Can't open a read-only Google Cloud Storage store #14

dstansby · 2024-02-27T15:47:49Z

Zarr version

2.17.0

Numcodecs version

0.12.1

Python Version

3.11.7

Operating System

macOS

Installation

using conda

Description

I am trying to access a read-only Google Cloud Storage bucket, but my code is failing. It looks like it's because zarr is trying to write something to the bucket, but I haven't properly worked out what's going wrong.

If I'm doing something wrong, it would be nice to add an example to the documentation to make this easy to do in the future.

Steps to reproduce

import gcsfs
import zarr

bucket = "ucl-hip-ct-35a68e99feaae8932b1d44da0358940b"
fs = gcsfs.GCSFileSystem(project='ucl-hip-ct', token='anon', access='read_only')
fs.ls(bucket)  # Works
store = fs.get_mapper(root=bucket)
group = zarr.group(store=store, path="LADAF-2020-27/kidney-left/25.08um_complete-organ_bm05")
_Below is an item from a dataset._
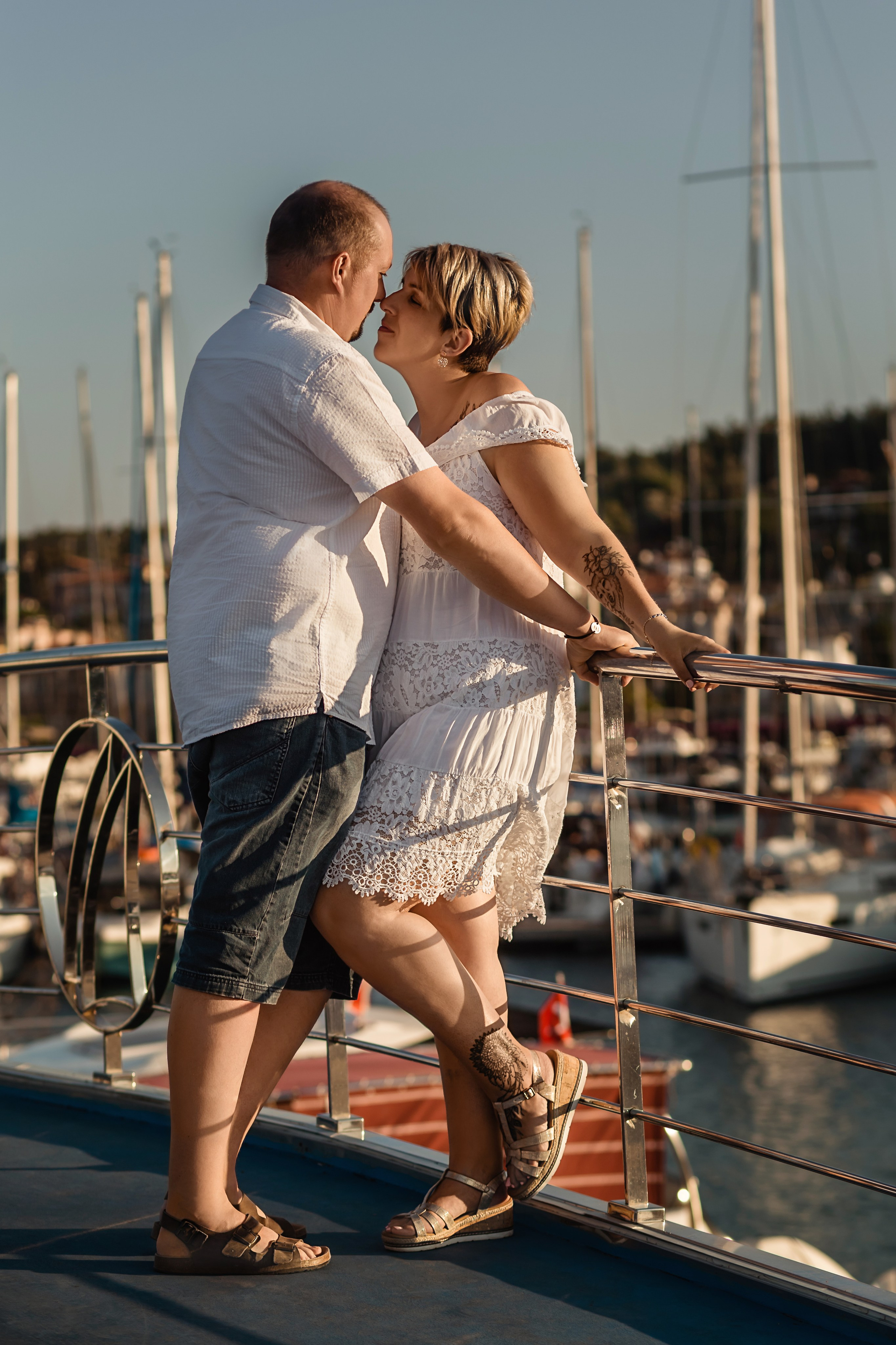 Caroline&Romain. Professional family and children’s photographer in Izmir Irina Eron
_request non-retriable exception: Anonymous caller does not have storage.objects.create access to the Google Cloud Storage object. Permission 'storage.objects.create' denied on resource (or it may not exist)., 401
Traceback (most recent call last):
  File "/Users/dstansby/miniconda3/envs/hipct/lib/python3.11/site-packages/gcsfs/retry.py", line 123, in retry_request
    return await func(*args, **kwargs)
           ^^^^^^^^^^^^^^^^^^^^^^^^^^^
  File "/Users/dstansby/miniconda3/envs/hipct/lib/python3.11/site-packages/gcsfs/core.py", line 430, in _request
    validate_response(status, contents, path, args)
  File "/Users/dstansby/miniconda3/envs/hipct/lib/python3.11/site-packages/gcsfs/retry.py", line 110, in validate_response
    raise HttpError(error)
gcsfs.retry.HttpError: Anonymous caller does not have storage.objects.create access to the Google Cloud Storage object. Permission 'storage.objects.create' denied on resource (or it may not exist)., 401
Traceback (most recent call last):
  File "/Users/dstansby/software/hipct/hipct-reg/scripts/test_real_data.py", line 8, in <module>
    group = zarr.group(store=store, path="LADAF-2020-27/kidney-left/25.08um_complete-organ_bm05")
            ^^^^^^^^^^^^^^^^^^^^^^^^^^^^^^^^^^^^^^^^^^^^^^^^^^^^^^^^^^^^^^^^^^^^^^^^^^^^^^^^^^^^^
  File "/Users/dstansby/miniconda3/envs/hipct/lib/python3.11/site-packages/zarr/hierarchy.py", line 1427, in group
    init_group(store, overwrite=overwrite, chunk_store=chunk_store, path=path)
  File "/Users/dstansby/miniconda3/envs/hipct/lib/python3.11/site-packages/zarr/storage.py", line 668, in init_group
    _require_parent_group(path, store=store, chunk_store=chunk_store, overwrite=overwrite)
  File "/Users/dstansby/miniconda3/envs/hipct/lib/python3.11/site-packages/zarr/storage.py", line 313, in _require_parent_group
    _init_group_metadata(store, path=p, chunk_store=chunk_store)
  File "/Users/dstansby/miniconda3/envs/hipct/lib/python3.11/site-packages/zarr/storage.py", line 736, in _init_group_metadata
    store[key] = store._metadata_class.encode_group_metadata(meta)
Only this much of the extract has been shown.